Ferrous metals (minerals such as carbon and iron) are rich in basic ingredients, easy to obtain, and usually cheap.
At the same time, gold, silver and other non-ferrous metals are particularly rare.
Combined with relatively extensive use, it tends to make nonferrous metals more expensive.
Therefore, the term “precious metals” came into being.
Wrap it up
Metal materials can be said to be the promoters of the development of human society, because they have played a pivotal role in various transition periods of human society.
In the development history of human society, the Bronze Age and the Iron Age, which appeared after the Stone Age, were marked by the application of metal materials.
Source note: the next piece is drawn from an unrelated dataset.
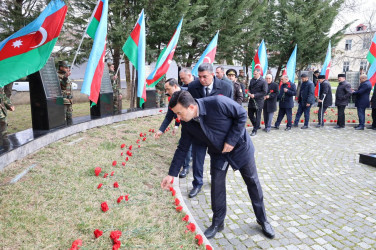 İsmayıllıda Xocalı soyqırımının 34-cü ildönümü ilə əlaqədar “Soyqırım abidəsi”i ziyarət olunub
After the Second World War, the progress of science and technology has promoted the development of new materials.
Ductile iron, alloy cast iron, alloy steel, heat-resistant steel, stainless steel, nickel alloy, titanium alloy and cemented carbide have been developed and applied to practical production.
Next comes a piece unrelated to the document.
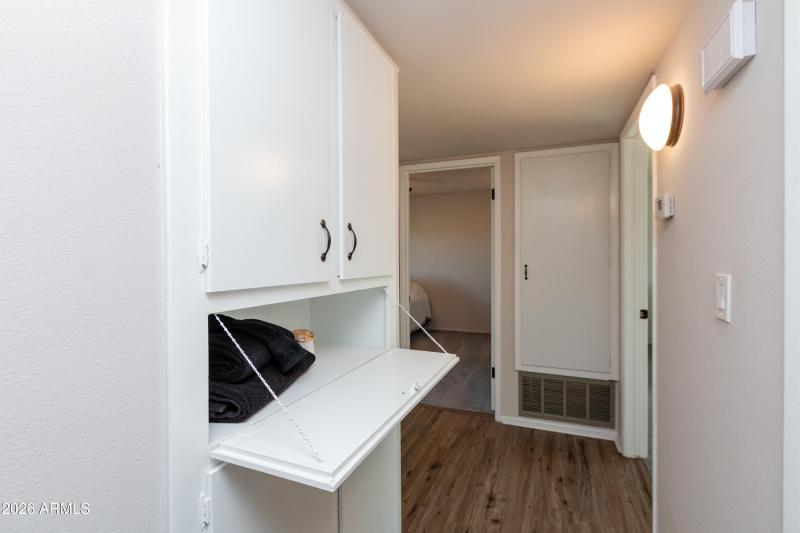 10310 W Bayside Rd-12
In the modern era, the research and development of metal materials has not been limited to the traditional direction of pure metal and pure alloy.
With the improvement of basic theory and technology, new metal materials have developed rapidly.
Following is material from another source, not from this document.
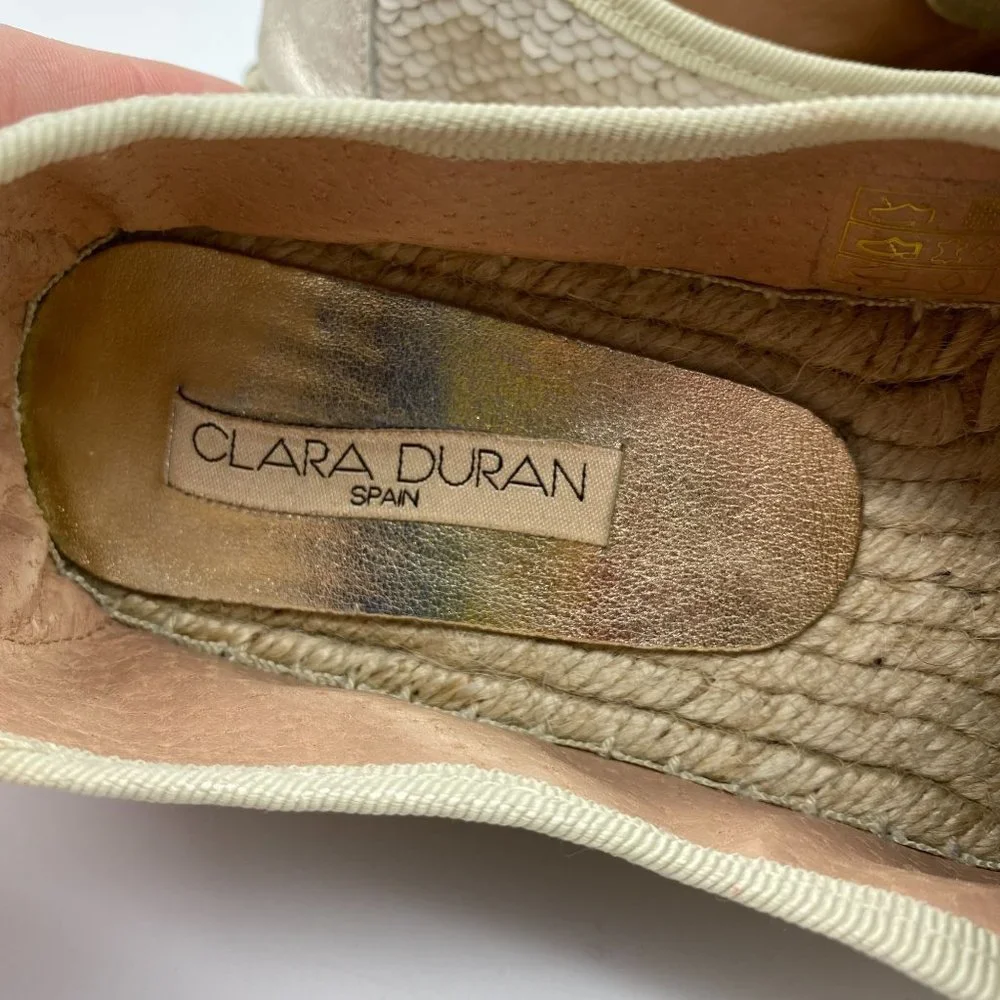 Clara Duran features 	•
These include high-temperature structural materials such as nano metals, high/medium entropy alloys, directionally solidified columnar crystals and single crystal alloys, metal matrix composites and shape memory alloys.
All kinds of metal materials have become an important material basis for the development of human society.
Agricultural modernization, industrial modernization, national defense and science and technology modernization cannot be separated from the support of metal materials, ranging from agricultural tools, mechanical parts, daily necessities, to sophisticated weapons such as aircraft, missiles, fire arrows, satellites, nuclear submarines, as well as atomic energy, television, communications, radar Most of the components or parts required by cutting-edge technologies such as electronic computers are made of metal.
At present, many countries in the world, especially those with developed industries, are competing to develop metal and nonferrous metal industries and increase their strategic reserves of metals.
It can be said that metal materials are essential basic materials and important strategic materials for national economy, people’s daily life, national defense industry, science and technology development.